Das Lohnabstandsgebot wird nicht eingehalten!

 

Weltfremde Sozialtheoretiker verweisen immer wieder gerne auf das bestehende Lohnabstandsgebot.
Demnach kann es gar nicht sein, dass in Deutschland eine Erwerbslosenfamilie sich finanziell besser steht als ein entsprechender Arbeitnehmerhaushalt.

 

Das Lohnabstandsgebot besteht nur in der Theorie!

Im normalen Praxisalltag funktioniert das Lohnabstandsgebot jedoch leider nicht. Weil nun einmal viele Hartz-IV-Sonderleistungen in die Vergleichsberechnungen nicht einfließen. Wie will man etwa die vielen Härtefallregelungen bewerten, wie die Nutzung von Suppenküchen, kostenlosen Lebensmittelpaketen, Umzugshilfen, Renovierungszuschüssen, usw. einrechnen.

Es gelingt ja noch nicht einmal, die vom Amt übernommene Warmmiete in einem richtigen Verhältnis zum Erwerbstätigenhaushalt einzupreisen. Auch fällt es schwer, die Standardvergünstigungen (GEZ-Gebührenbefreiung, Übernahme der Kosten für Kindertagesstätten usw.) in das Vergleichschema einzufügen.

 

Nicht einmal durch Aufstockung kann das Lohnabstandsgebot eingehalten werden!
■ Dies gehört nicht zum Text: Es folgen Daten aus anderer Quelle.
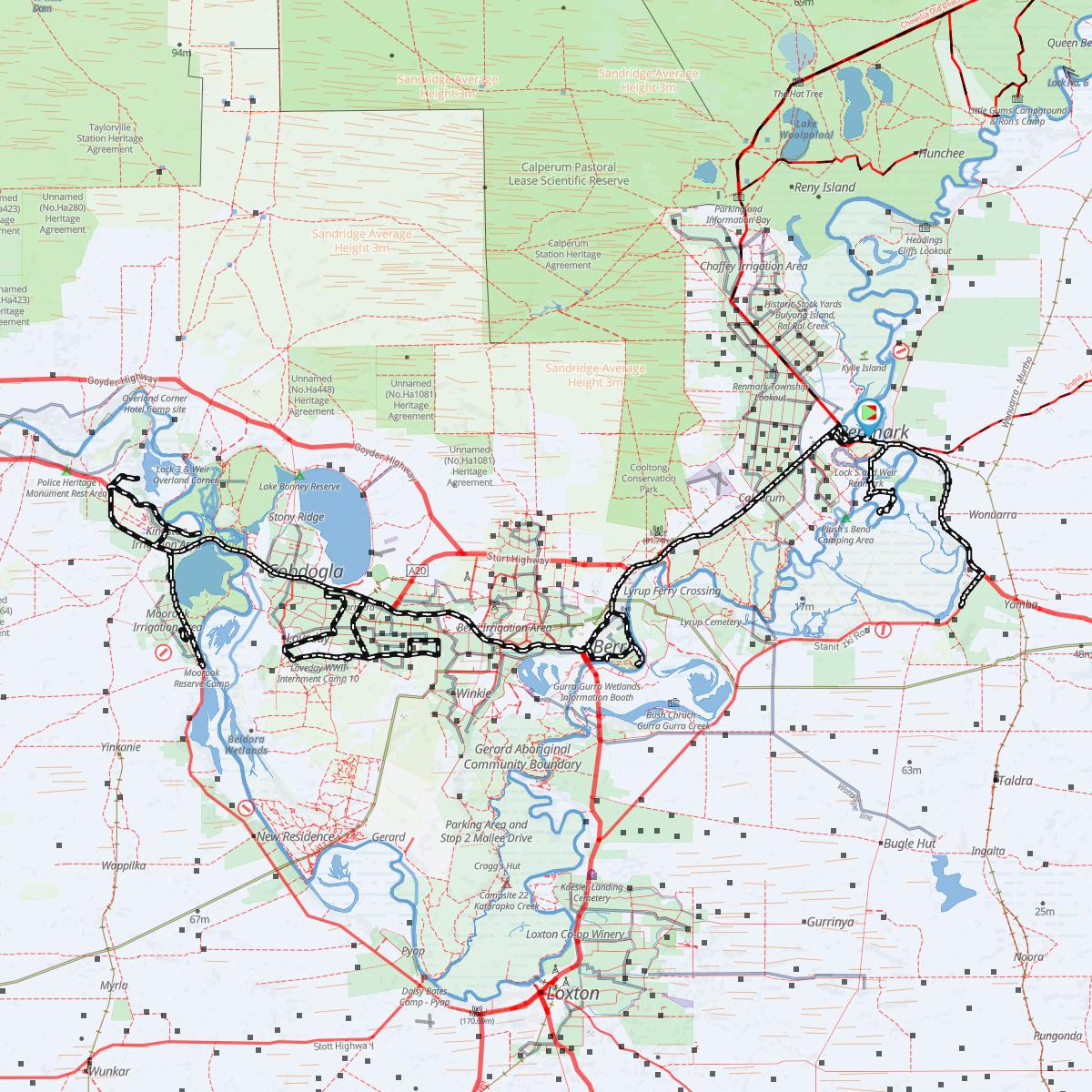 Around the Riverland SA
Viele Erwerbstätige stehen sich deutlich schlechter als Hartz-IV-Familien, weil sie Unterstützungszahlungen beim Amt nicht nutzen (aus Unwissenheit, Scham oder Bescheidenheit).

Aber selbst diejenigen, die die Bittgänge zum Amt nicht scheuen und Aufstockungen gewährt bekommen, stehen sich in der Regel schlechter als Erwerbslosenfamilien.
Weil sie eben die Rundumversorgung nicht erhalten bzw. viele Hilfen schon aus zeitlichen Gründen kaum nutzen können und weil ihnen zudem noch zusätzliche Kosten durch die Arbeitsaufnahme entstehen (Fahrtkosten, Arbeitskleidung, Fortbildungen usw.).

 

Selbst das öffentlich-rechtliche Fernsehen bemängelt die Nichteinhaltung des Lohnabstandsgebots!

Wer die Nichteinhaltung des Lohnabstandsgebots kritisiert, wird schnell als Aufrührer und Feind aller Arbeitslosen beschimpft. Dabei kommt, wer den Sozialstaat erhalten will, um eine ehrliche Debatte nicht herum.

Dieser gesellschaftlichen Verantwortung sind sich inzwischen nicht nur die Privatsender, sondern auch das öffentlich-rechtliche Fernsehen bewusst. Im Gegensatz zu vielen konservativen Zeitungen wird dort den Zuschauern die ungeschminkte Realität vor Augen geführt (zum Beispiel ZDF vom 4.3.2010 in der Sendung "Die Reporter").
Hoffentlich sehen sich solche Sendungen auch einmal unsere Politiker an.

 

Westerwelle liegt so falsch nicht, wenn er die Einhaltung des Lohnabstandsgebots anmahnt.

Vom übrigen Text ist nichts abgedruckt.